Hubble is a joint project from NASA and the European Space Agency. ESA said, “Terzan 9 is dotted with so many glittering stars that it resembles a sea of sequins.” The term “globular cluster” might sound a little awkward, but the views are spectacular. These clusters are formations that can contain millions of stars.
The Hubble image shows the dense heart of Terzan 9, where stars look like they’re snuggling in close with one another, creating a brighter conglomeration in the center.
A sparkling blanket of stars against the dark of space with a dense, brighter area of glittering light in the middle.
Here’s the full view. ESA released this Hubble image of the heart of the Terzan 9 globular cluster in June 2022.

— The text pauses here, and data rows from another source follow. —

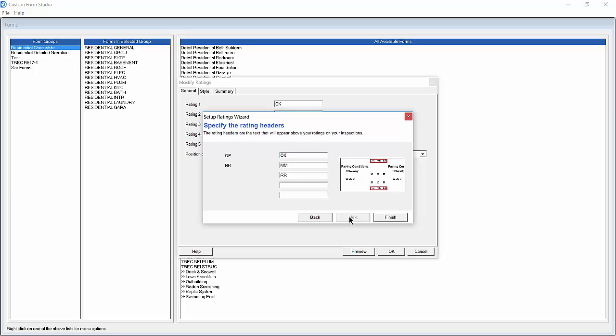We will now need to specify the rating headers that will print on the report. We will specify the full words Operable and Needs Repair, then delete the third option since we're only using two rating headers in this example. Now we can click Finish.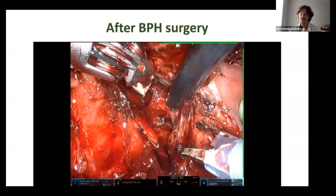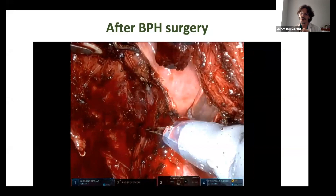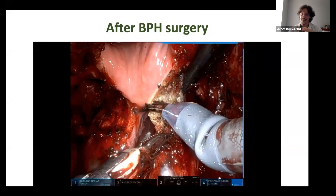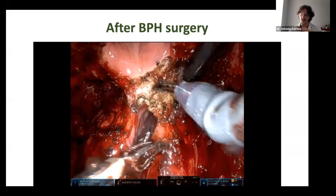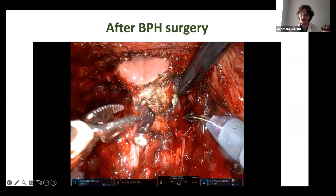I know this is not a usual view, but when you see 20, 100, 1,000 procedures, you will always see the same planes. Here we are on the anterior part of the bladder neck, and this is the final view of the bladder neck dissected after urethral division.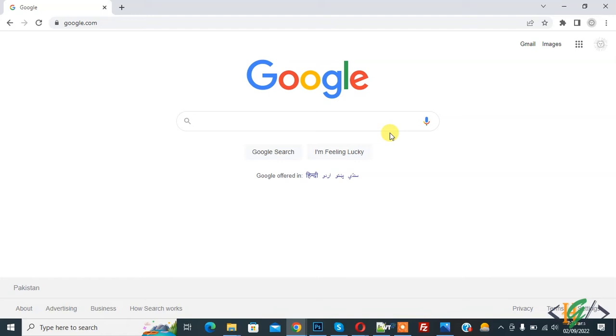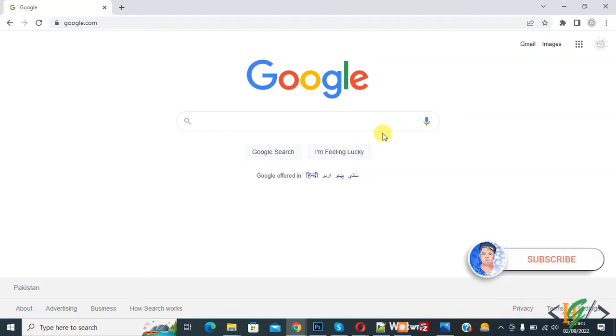Bismillahir Rahmanir Raheem, Asalaamu Alaikum. My name is Asan and today we are going to find out similar sites using a Google Chrome extension. Before starting work, it is my request please subscribe to my channel. Thank you. Now back to our work.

ESA/Hubble and NASA, R. Cohen
The image is gorgeous, and there’s plenty of science interest here, too. Hubble is investigating globular clusters near the middle of our home Milky Way galaxy, a place that’s full of interstellar dust. As you can imagine with any dusty spot, it can be hard to see through an area like that and get an accurate idea of what’s going on.
The interstellar dust can change how the colors of stars appear to us back here near Earth. “Hubble’s sensitivity at both visible and infrared wavelengths allows astronomers to measure how star colors change due to interstellar dust,” said ESA. “Knowing a star’s true color and brightness allows astronomers to estimate its age, and thereby estimate the globular cluster’s age.”
Hubble is an old-timer after having spent more than three decades out in the wilds of space. Despite numerous technical glitches, the Hubble team has been able to keep the venerable observatory operating. NASA hopes it’ll continue to deliver data for years to come, even as the next-gen James Webb Space Telescope comes fully online.